Wherever a picture sits, omit it. Output the rest of the listing exactly.
Top of SOURCE MATERIAL
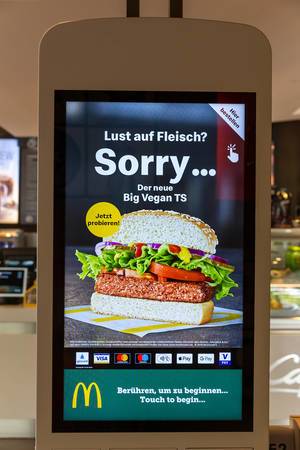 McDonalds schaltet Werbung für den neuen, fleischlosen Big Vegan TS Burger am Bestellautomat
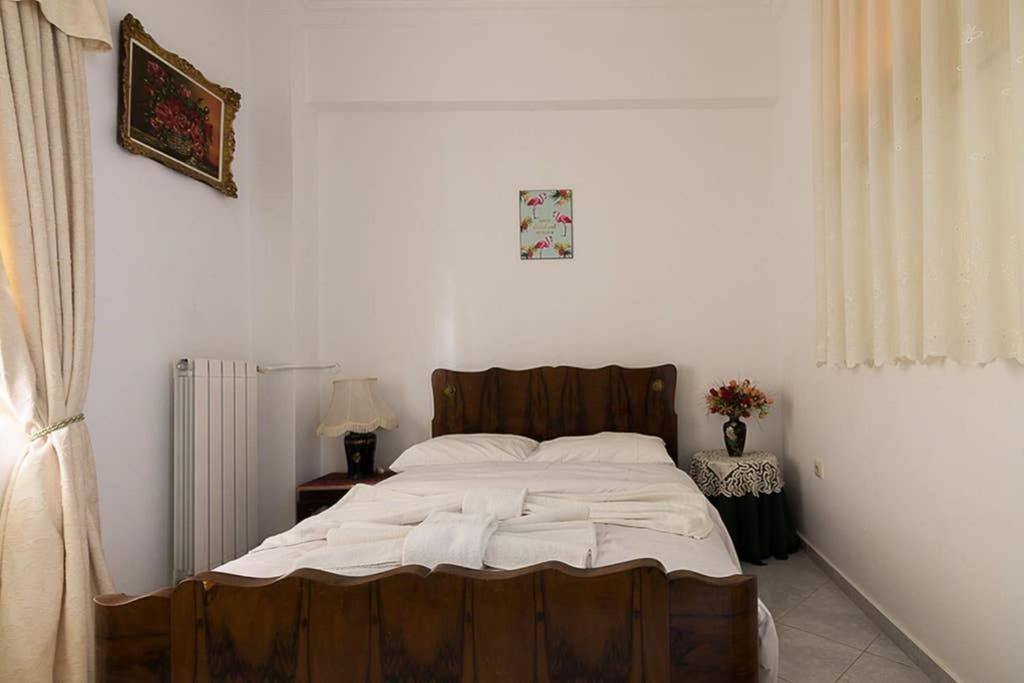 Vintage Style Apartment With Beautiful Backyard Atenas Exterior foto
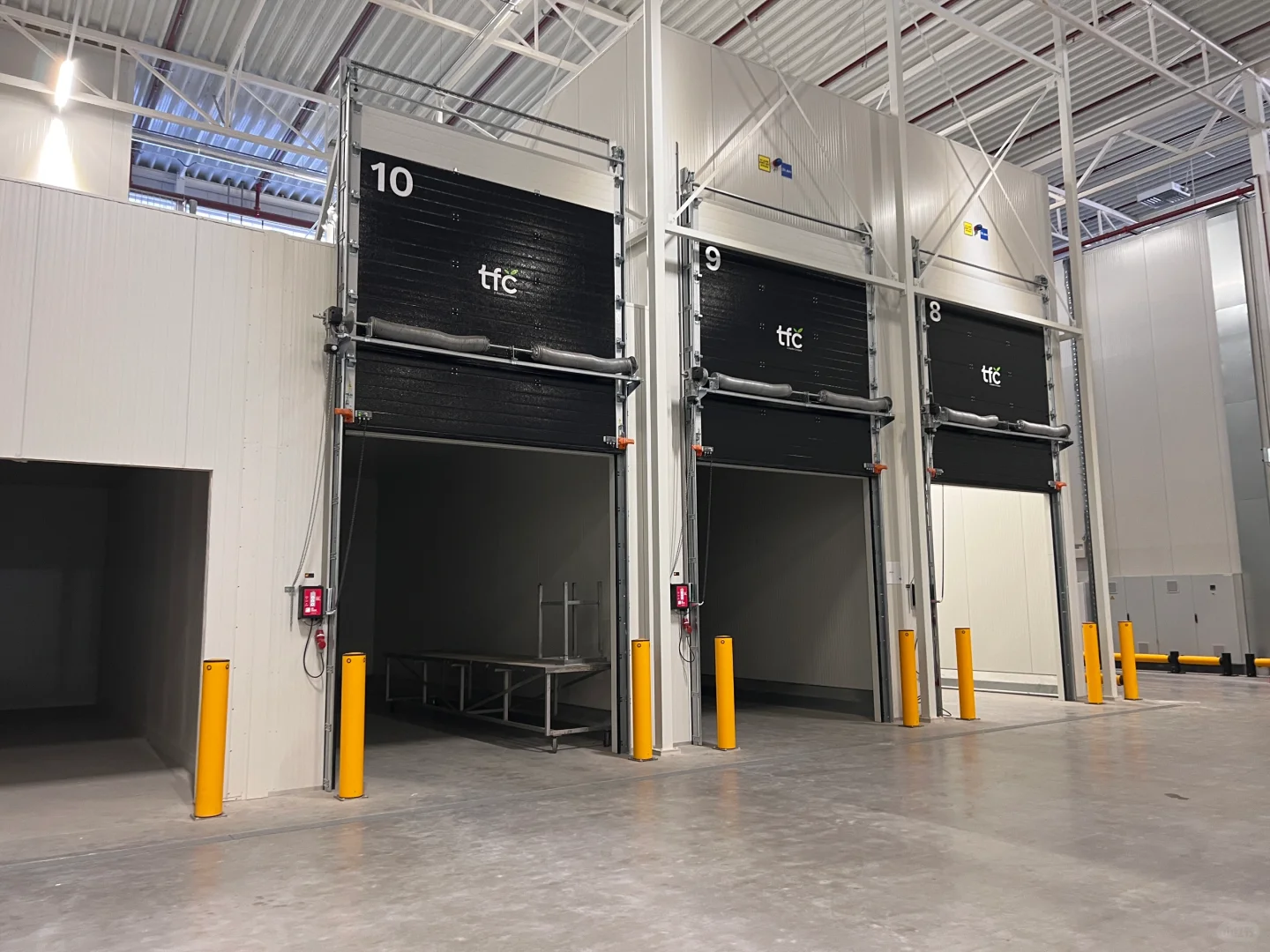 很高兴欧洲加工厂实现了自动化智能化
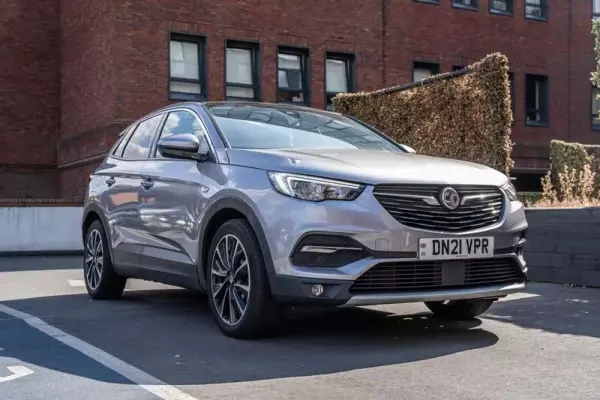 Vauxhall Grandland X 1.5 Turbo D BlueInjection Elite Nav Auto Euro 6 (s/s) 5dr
Bottom of SOURCE MATERIAL
PROBLEM SOLUTION
 McDonalds schaltet Werbung für den neuen, fleischlosen Big Vegan TS Burger am Bestellautomat
 Vintage Style Apartment With Beautiful Backyard Atenas Exterior foto
 很高兴欧洲加工厂实现了自动化智能化
 Vauxhall Grandland X 1.5 Turbo D BlueInjection Elite Nav Auto Euro 6 (s/s) 5dr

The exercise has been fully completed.